What is needed is an exact copy of the data below, pictures excluded.

= Data shown =
▽
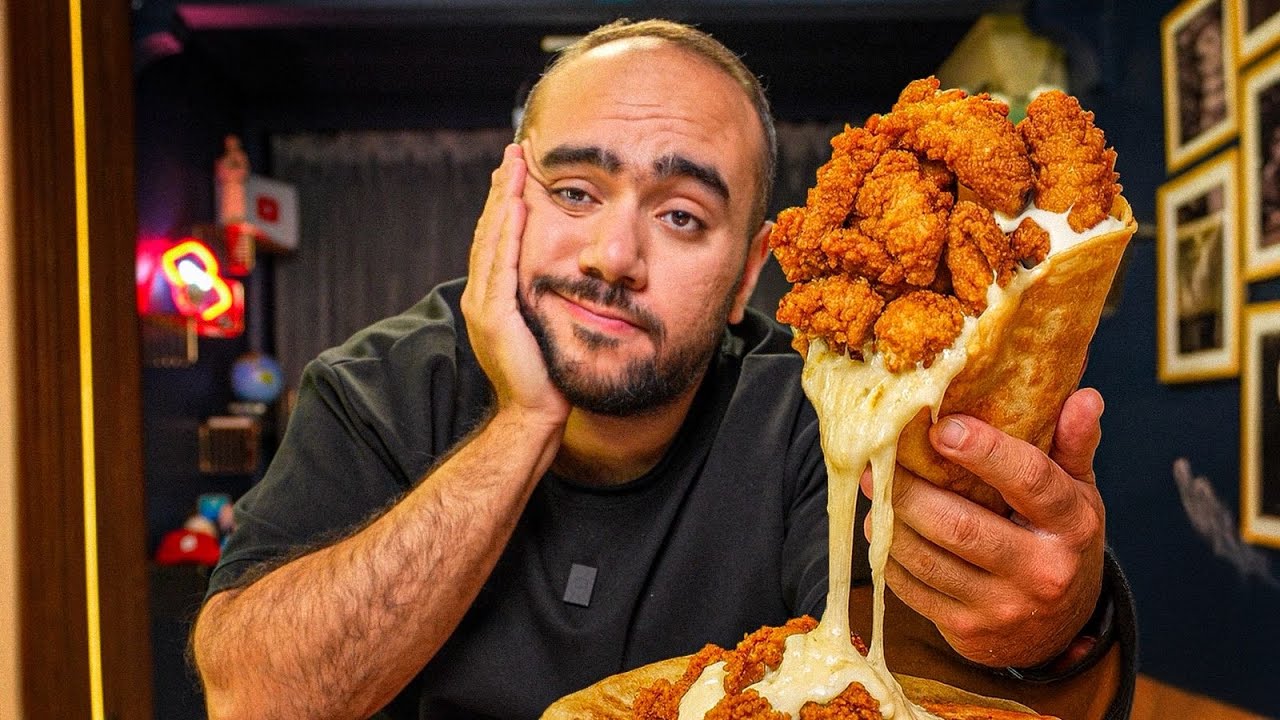 احسن كريب ستيبس وشيش 2025 _مستوى غير متوقع !!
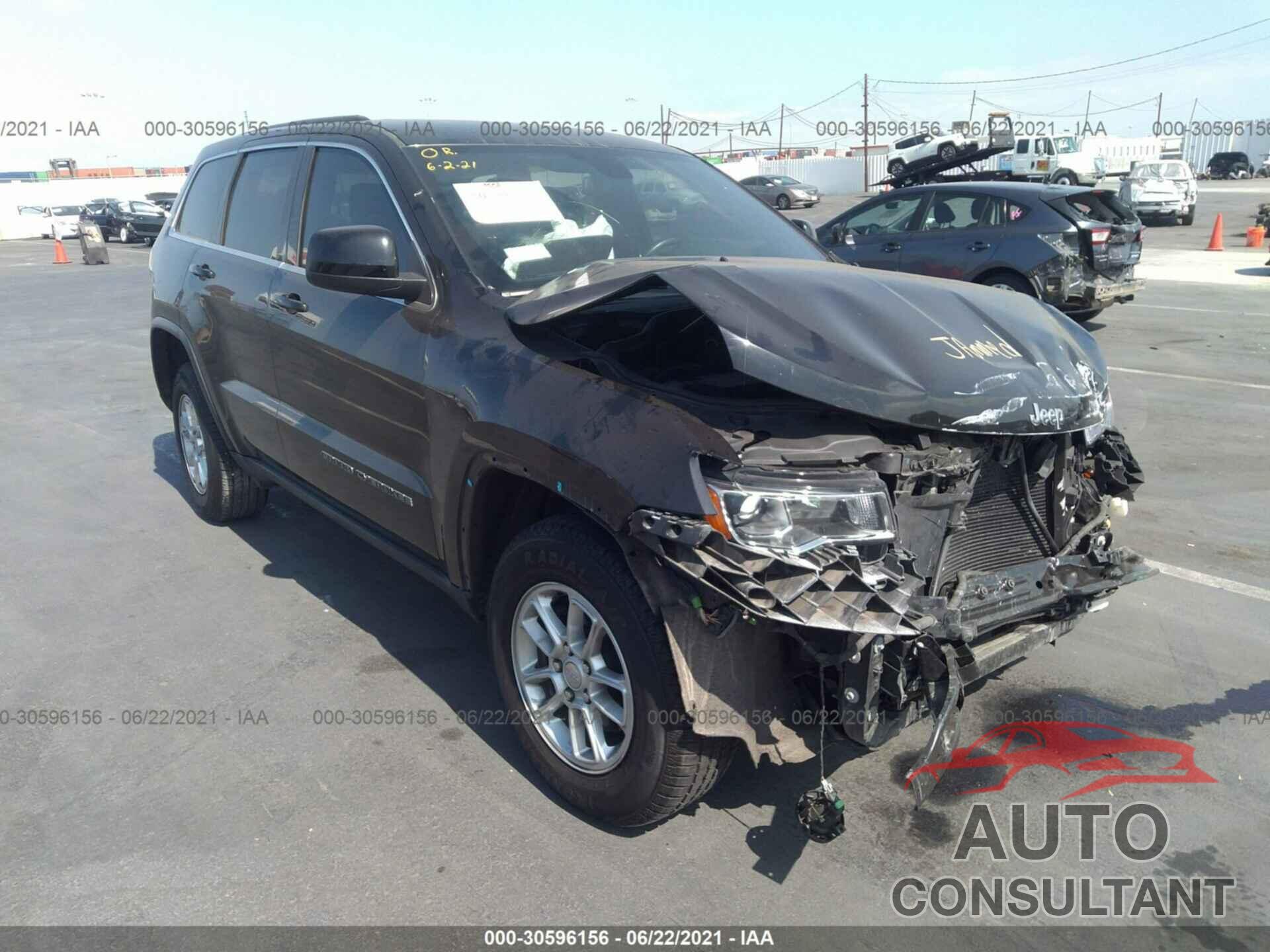 JEEP GRAND CHEROKEE 2018 - 1C4RJFAG5JC348458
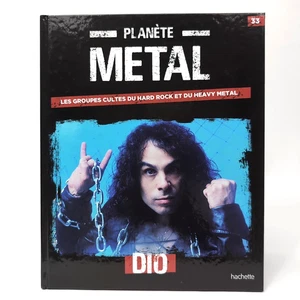 Planet Metal DIO No.33 Book France 63pgs All About the Band! Like New! - Bild 1 von 2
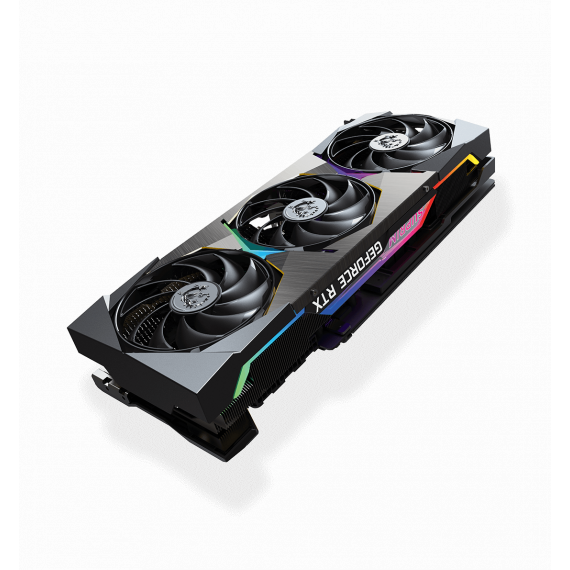 MSI GEFORCE RTX 3080 SUPRIM X 10G LHR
△
= Solution for this problem =
 احسن كريب ستيبس وشيش 2025 _مستوى غير متوقع !!
 JEEP GRAND CHEROKEE 2018 - 1C4RJFAG5JC348458
 Planet Metal DIO No.33 Book France 63pgs All About the Band! Like New! - Bild 1 von 2
 MSI GEFORCE RTX 3080 SUPRIM X 10G LHR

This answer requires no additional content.